PhD in mineral physics

Post-doctoral researcher at ID24 and BM23. She studies deep Earth chemistry and how important elements for industry or for Earth Sciences, like nickel, for example, get transported inside the deep Earth.

“I like to optimize experimental setups including beamline optics, face new experimental and scientific challenges and I put a lot of effort into an experiment until it works out.”


27 years old


PhD student at the ESRF and University Grenoble Alpes (Grenoble, France). She studies the local structure of liquid 3d metals under extreme conditions of pressure and temperature.

“Everything is governed by the laws of physics and that's the reason I am doing this job.”

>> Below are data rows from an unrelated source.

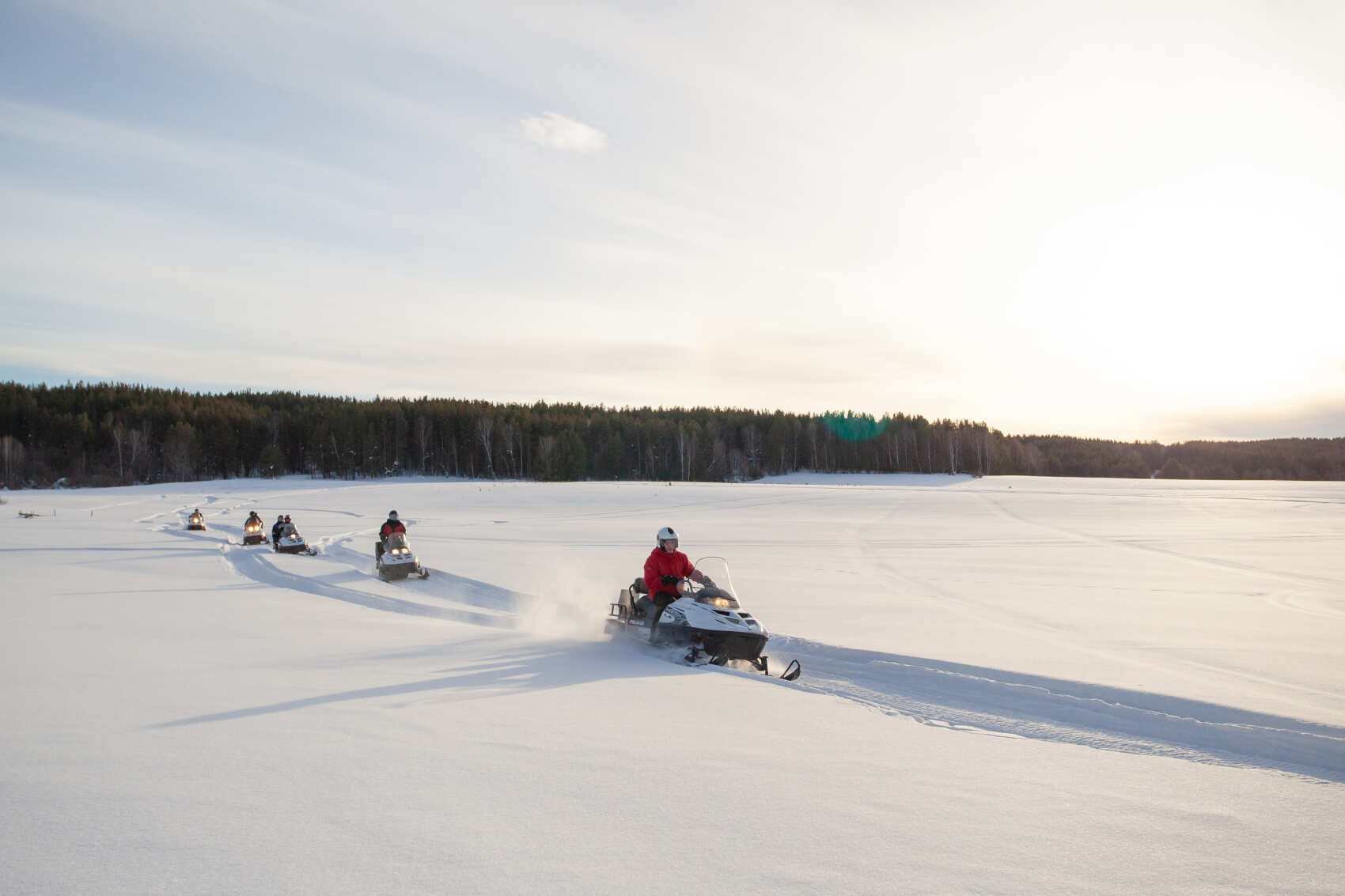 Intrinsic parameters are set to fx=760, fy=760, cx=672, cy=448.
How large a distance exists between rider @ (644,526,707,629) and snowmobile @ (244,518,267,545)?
16.8m

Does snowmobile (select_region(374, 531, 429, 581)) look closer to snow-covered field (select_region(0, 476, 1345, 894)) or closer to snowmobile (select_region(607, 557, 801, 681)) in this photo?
snow-covered field (select_region(0, 476, 1345, 894))

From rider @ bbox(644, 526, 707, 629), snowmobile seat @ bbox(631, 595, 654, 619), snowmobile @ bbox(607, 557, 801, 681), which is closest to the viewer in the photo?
snowmobile @ bbox(607, 557, 801, 681)

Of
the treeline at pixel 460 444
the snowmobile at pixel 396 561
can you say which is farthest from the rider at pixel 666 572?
the treeline at pixel 460 444

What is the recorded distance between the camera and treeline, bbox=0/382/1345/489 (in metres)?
79.3

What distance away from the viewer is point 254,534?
22.4 metres

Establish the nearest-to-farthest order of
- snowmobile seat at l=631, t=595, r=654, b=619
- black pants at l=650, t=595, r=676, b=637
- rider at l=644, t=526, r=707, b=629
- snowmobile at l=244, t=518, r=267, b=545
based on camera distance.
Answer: black pants at l=650, t=595, r=676, b=637, rider at l=644, t=526, r=707, b=629, snowmobile seat at l=631, t=595, r=654, b=619, snowmobile at l=244, t=518, r=267, b=545

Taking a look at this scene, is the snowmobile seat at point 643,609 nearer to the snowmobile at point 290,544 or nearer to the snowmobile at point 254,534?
the snowmobile at point 290,544

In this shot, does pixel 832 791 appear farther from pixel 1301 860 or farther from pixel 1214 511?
pixel 1214 511

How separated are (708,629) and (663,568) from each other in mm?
1948

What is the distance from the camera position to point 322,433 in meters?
80.2

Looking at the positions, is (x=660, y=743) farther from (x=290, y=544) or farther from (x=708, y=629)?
(x=290, y=544)

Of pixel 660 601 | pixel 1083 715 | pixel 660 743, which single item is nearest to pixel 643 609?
pixel 660 601

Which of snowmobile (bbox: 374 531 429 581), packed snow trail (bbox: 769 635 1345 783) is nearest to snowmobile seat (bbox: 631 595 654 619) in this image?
packed snow trail (bbox: 769 635 1345 783)

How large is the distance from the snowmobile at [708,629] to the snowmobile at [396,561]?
25.4 ft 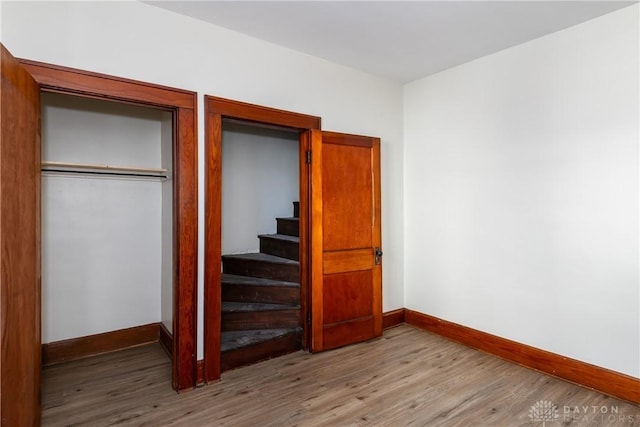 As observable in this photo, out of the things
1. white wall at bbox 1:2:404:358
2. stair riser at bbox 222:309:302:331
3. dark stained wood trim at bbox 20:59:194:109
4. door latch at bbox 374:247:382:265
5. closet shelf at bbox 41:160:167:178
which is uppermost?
white wall at bbox 1:2:404:358

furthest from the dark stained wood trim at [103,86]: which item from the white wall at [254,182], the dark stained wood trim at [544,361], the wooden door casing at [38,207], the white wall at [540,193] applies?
the dark stained wood trim at [544,361]

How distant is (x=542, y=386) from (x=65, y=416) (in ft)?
10.7

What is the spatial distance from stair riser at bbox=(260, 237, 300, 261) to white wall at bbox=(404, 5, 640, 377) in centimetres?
137

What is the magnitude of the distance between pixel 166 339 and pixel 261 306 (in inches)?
36.3

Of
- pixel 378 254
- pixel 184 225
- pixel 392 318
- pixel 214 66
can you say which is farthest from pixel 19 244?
pixel 392 318

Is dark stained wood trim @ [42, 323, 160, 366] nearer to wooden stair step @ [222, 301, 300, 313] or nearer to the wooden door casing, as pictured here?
wooden stair step @ [222, 301, 300, 313]

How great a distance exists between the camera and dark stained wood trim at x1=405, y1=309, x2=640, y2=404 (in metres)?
2.38

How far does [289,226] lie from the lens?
13.7 feet

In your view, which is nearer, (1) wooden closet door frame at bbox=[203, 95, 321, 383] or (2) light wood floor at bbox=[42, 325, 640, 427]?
(2) light wood floor at bbox=[42, 325, 640, 427]

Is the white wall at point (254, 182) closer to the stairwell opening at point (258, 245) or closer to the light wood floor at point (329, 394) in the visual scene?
the stairwell opening at point (258, 245)

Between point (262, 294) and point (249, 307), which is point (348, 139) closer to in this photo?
point (262, 294)

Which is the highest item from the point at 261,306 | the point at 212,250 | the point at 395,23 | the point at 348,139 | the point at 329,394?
the point at 395,23

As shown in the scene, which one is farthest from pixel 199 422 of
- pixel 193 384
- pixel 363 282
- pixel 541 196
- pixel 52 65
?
pixel 541 196

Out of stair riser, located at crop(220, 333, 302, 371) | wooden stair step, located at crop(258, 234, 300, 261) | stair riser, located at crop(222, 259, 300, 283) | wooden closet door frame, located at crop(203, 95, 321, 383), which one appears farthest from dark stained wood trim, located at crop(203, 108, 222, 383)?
wooden stair step, located at crop(258, 234, 300, 261) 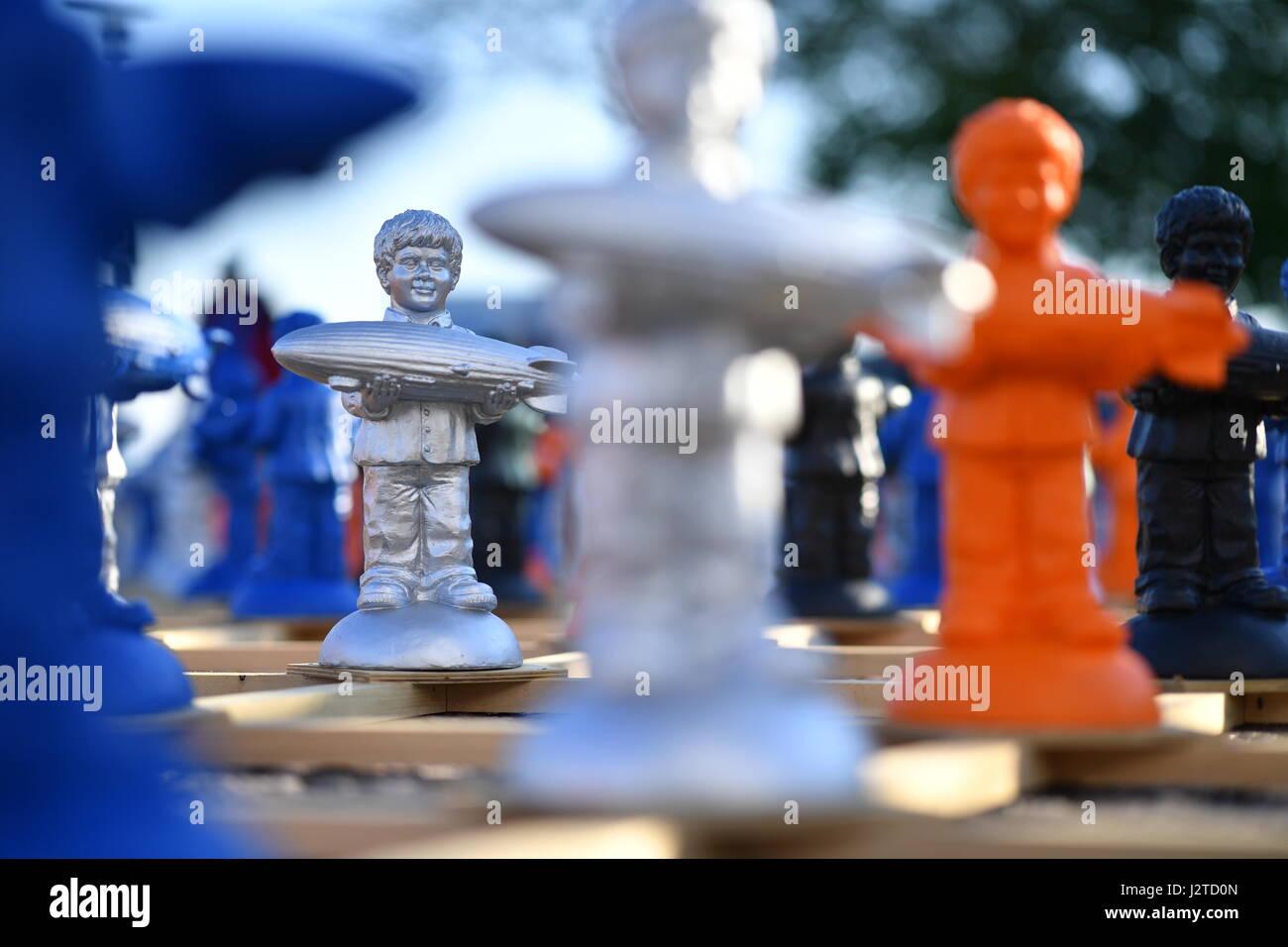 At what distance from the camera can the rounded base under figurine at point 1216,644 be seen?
295 centimetres

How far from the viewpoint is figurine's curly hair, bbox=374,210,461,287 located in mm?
3291

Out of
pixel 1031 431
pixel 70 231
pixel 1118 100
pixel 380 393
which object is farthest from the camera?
pixel 1118 100

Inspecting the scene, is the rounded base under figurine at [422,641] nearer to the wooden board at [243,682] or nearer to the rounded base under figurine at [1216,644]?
the wooden board at [243,682]

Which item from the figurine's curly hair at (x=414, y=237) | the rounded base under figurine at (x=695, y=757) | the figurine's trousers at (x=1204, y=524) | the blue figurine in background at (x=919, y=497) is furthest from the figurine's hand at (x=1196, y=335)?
the blue figurine in background at (x=919, y=497)

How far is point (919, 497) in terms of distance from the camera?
18.7 ft

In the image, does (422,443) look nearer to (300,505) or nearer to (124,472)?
(124,472)

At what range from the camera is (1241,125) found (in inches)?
416

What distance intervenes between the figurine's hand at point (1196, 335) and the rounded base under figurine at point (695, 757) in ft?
2.82

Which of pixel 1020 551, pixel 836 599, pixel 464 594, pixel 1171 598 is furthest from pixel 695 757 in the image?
pixel 836 599

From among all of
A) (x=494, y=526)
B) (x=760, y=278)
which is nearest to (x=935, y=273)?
(x=760, y=278)

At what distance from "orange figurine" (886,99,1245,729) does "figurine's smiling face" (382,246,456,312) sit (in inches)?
46.7

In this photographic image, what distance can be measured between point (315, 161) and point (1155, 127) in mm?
9567

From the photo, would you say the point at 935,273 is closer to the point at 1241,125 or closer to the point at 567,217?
the point at 567,217

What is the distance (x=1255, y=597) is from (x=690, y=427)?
1616 millimetres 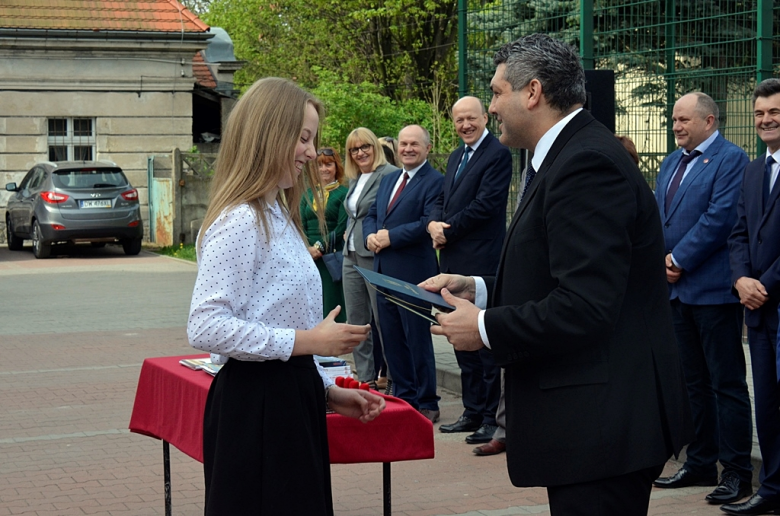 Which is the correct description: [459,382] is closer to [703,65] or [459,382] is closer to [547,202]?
[703,65]

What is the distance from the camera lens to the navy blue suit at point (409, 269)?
7.83 m

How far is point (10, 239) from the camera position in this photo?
24031mm

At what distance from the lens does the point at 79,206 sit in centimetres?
2138

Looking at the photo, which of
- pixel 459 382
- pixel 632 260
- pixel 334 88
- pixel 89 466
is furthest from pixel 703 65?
pixel 334 88

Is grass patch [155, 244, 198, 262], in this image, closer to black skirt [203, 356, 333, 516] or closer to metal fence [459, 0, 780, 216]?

Experiments can be completely successful, or partially or even sometimes they don't work out. There are a lot of variables that can determine the outcome of an experiment: preparing the scientific case, sorting out the instrumental part of it, then carrying out the experiment, looking at the data and being able to make sense of it. “I easily get excited”, explains Angelika Rosa, “but sometimes you also have to deal with frustrations when things don't work, but this is science: you put a lot of yourself into it.” The euphoric state experienced when things go well is Monteseguro’s best part of the job: “When everything goes well and you get good results, it feels like an adrenaline shot.”

The user aspect of the facility is also very different from any previous institute where the scientists may have worked before. At the ESRF scientists assist researchers from all over the world in their experiments. “I like the fact that we help them to find answers to their scientific problems. Answers that cannot be solved in any other way”, explains Débora Meira. Raffaella Torchio, scientist, agrees that their role is crucial in the experiments: “I find it very interesting that when we work as local contact we are the experts that help the users make their experiments be successful.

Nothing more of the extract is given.